As Fonda's health declined and he took longer breaks between filming, critics began to acknowledge the value of his extensive body of work. In 1979, he received the Golden Plate Award of the American Academy of Achievement. His Golden Plate was presented by Awards Council member Jimmy Stewart.[34] In 1979, he was inducted into the American Theater Hall of Fame for his achievements on Broadway and received the Kennedy Center Honor.[35] Lifetime Achievement awards from the Golden Globes and Academy Awards followed in 1980 and 1981, respectively.
Fonda continued to act into the early 1980s, though all but one of the productions in which he was featured before his death were for television. The television works included the live performance of Preston Jones's The Oldest Living Graduate and the Emmy-nominated Gideon's Trumpet (co-starring Fay Wray in her last performance) about Clarence Gideon's fight to have the right to publicly funded legal counsel for the indigent.
On Golden Pond in 1981, the film adaptation of Ernest Thompson's play, marked one final professional and personal triumph for Fonda. Directed by Mark Rydell, the project provided unprecedented collaborations between Fonda and Katharine Hepburn, along with Fonda and his daughter, Jane. The elder Fonda played an emotionally brittle and distant father who becomes more accessible at the end of his life. Jane Fonda has said that elements of the story mimicked their real-life relationship and helped them resolve certain issues. She bought the film rights in the hope that her father would play the role and later described it as "a gift to my father that was so unbelievably successful."[36]
Premiered in December 1981, the film was well received by critics and, after a limited release on December 4, On Golden Pond developed enough of an audience to be widely released on January 22. With 10 Academy Award nominations, the film earned nearly $120 million at the box office, becoming an unexpected blockbuster. In addition to wins for Hepburn (Best Actress), and Thompson (Screenplay), On Golden Pond brought Fonda his only Oscar – for Best Actor (he was the oldest recipient of the award; it also earned him a Golden Globe Best Actor award). Fonda was by that point too ill to attend the ceremony, and his daughter Jane accepted on his behalf. She said when accepting the award that her dad would probably quip, "Well, ain't I lucky." Years later, Fonda's performance would be remembered as a "brutally honest portrayal of frightened old age."[37]
Fonda's final performance was in the 1981 television drama Summer Solstice[38] with Myrna Loy. It was filmed after On Golden Pond had wrapped and Fonda was in rapidly declining health.
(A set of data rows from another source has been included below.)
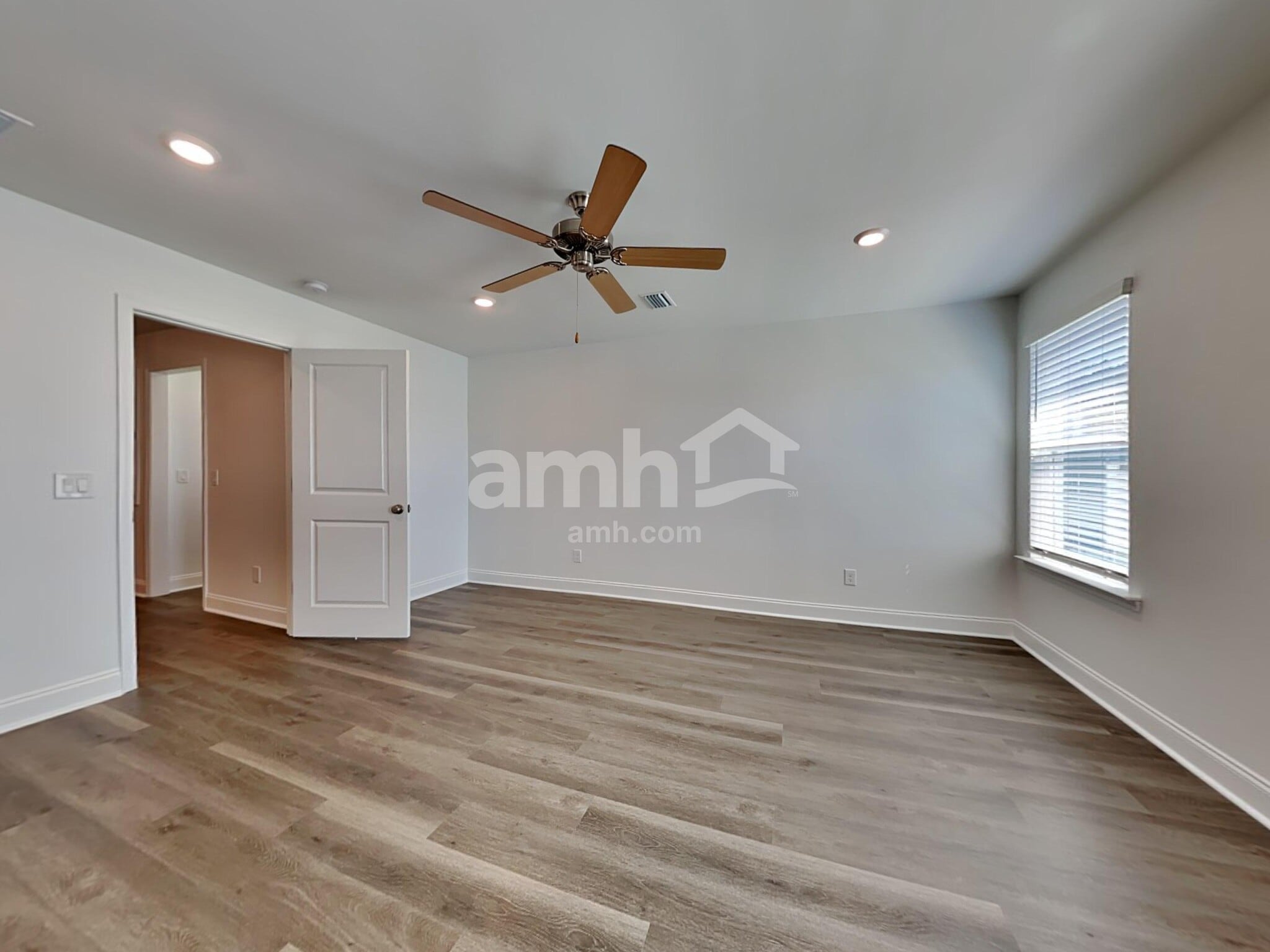 Building Photo - 568 Plumeria Ln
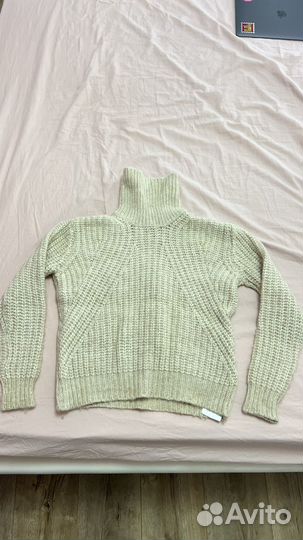 Свитер укороченный Guess XS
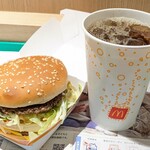 マクドナルド - ドリンク写真:ビッグマック 540円 , アイスコーヒー M 180円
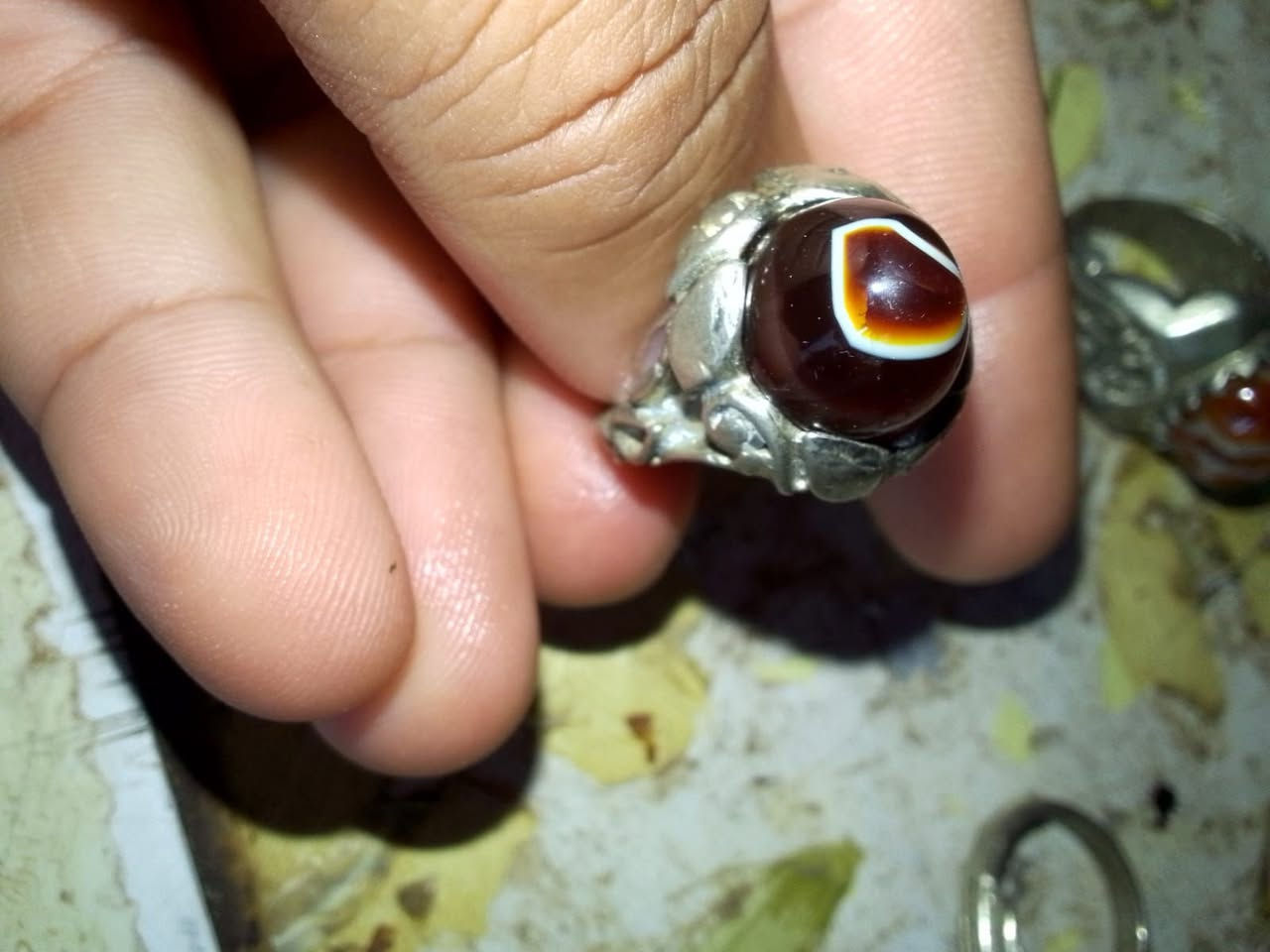 جزع نوادر للبيع 20الف معه توصيل ❤️


**إذا كنت صاحب هذا الإعلان وتريد حذفه لأي سبب، رجاءا أرسل رسالة إلى الدعم الفني**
Fonda was married five times and had three children, one of them adopted. His marriage to Margaret Sullavan in 1931 soon ended in separation, which was finalized in a 1933 divorce. Throughout most of 1935, Fonda dated actress/singer Shirley Ross;[39][40][41][42][43] by year's end, it had been widely reported—by, among others, then-syndicated columnist Ed Sullivan—that the couple was engaged, with wedding plans afoot.[44][45][46][47] Reports notwithstanding, both parties evidently reconsidered and in January 1936 it was reported that Fonda was now seeing actress Virginia Bruce.[48][39]
Fonda had met Frances at Denham Studios in England on the set of Wings of the Morning,[51] the first picture in Europe to be filmed in three-strip Technicolor.[52] They had two children, Jane (b. 1937) and Peter (1940–2019), both of whom became successful actors. Jane has won two Best Actress Academy Awards, and Peter was nominated for two Oscars, one for Best Actor.
In August 1949, Fonda announced to Frances that he wanted a divorce so he could remarry; their 13 years of marriage had not been happy ones for him.[53] Devastated by Fonda's confession and plagued by emotional problems for many years, Frances went into the Craig House Sanitarium in January 1950 for treatment. She committed suicide there on April 14. Before her death, she had written six notes to various individuals, but left no final message for her husband. Fonda quickly arranged a private funeral with only himself and his mother-in-law, Sophie Seymour, in attendance.[54] Years later, Dr. Margaret Gibson, the psychiatrist who had treated Frances at Austen Riggs, described Henry Fonda as "a cold, self-absorbed person, a complete narcissist."[55]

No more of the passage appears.